As for ETL, manually iterating over the documents to modify and then store them in a new instance does under most circumstances not seem reasonable to me, as you basically reinvent the wheel.
Alternate approach
Generally speaking, there is no one-size-fits all "best" way. The best way is the one that best fits your functional and non-functional requirements.
When doing ETL from MongoDB to MongoDB, I usually proceed as follows:
ET…
Unless you have very complicated transformations, MongoDB's aggregation framework is a surprisingly capable ETL tool. I use it regularly for that purpose and have yet to find a problem not solvable with the aggregation framework for in-MongoDB ETL. Given the fact that in general each document is processed one by one, the impact on your production environment should be minimal, if noticeable at all. After you did your transformation, simply use the $out
stage to save the results in a new collection.

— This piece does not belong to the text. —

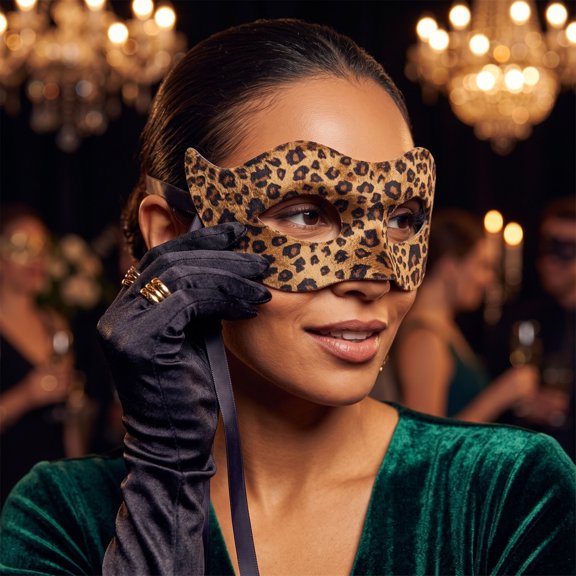 Leopard Print Masquerade Mask for Women 7 Inch Half Face Halloween Mask for Masquerade Party Mardi Gras Accessory for Stage Performance Photo Booth Prop, 1 Pack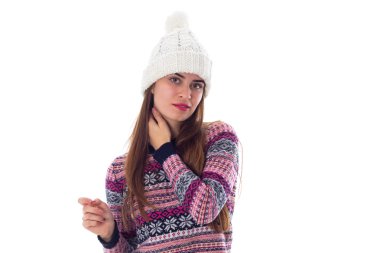 Kazak ve beyaz şapkalı kadın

Even collection spanning transformations can be achieved, using the $lookup
stage.
…L
After you did the extract and transform on the old instance, for loading the data to the new MongoDB instance, you have several possibilities:
- Create a temporary replica set, consisting of the old instance, the new instance and an arbiter. Make sure your old instance becomes primary, do the ET part, have the primary step down so your new instance becomes primary and remove the old instance and the arbiter from the replica set. The advantage is that you facilitate MongoDB's replication mechanics to get the data from your old instance to your new instance, without the need to worry about partially executed transfers and such. And you can use it the other way around: Transfer the data first, make the new instance the primary, remove the other members from the replica set perform your transformations and remove the "old" data, then.
- Use
db.CloneCollection()
. The advantage here is that you only transfer the collections you need, at the expense of more manual work.
- Use
db.cloneDatabase()
to copy over the entire DB. Unless you have multiple databases on the original instance, this method has little to now advantage over the replica set method.
As written, without knowing your exact use cases, transformations and constraints, it is hard to tell which approach makes the most sense for you.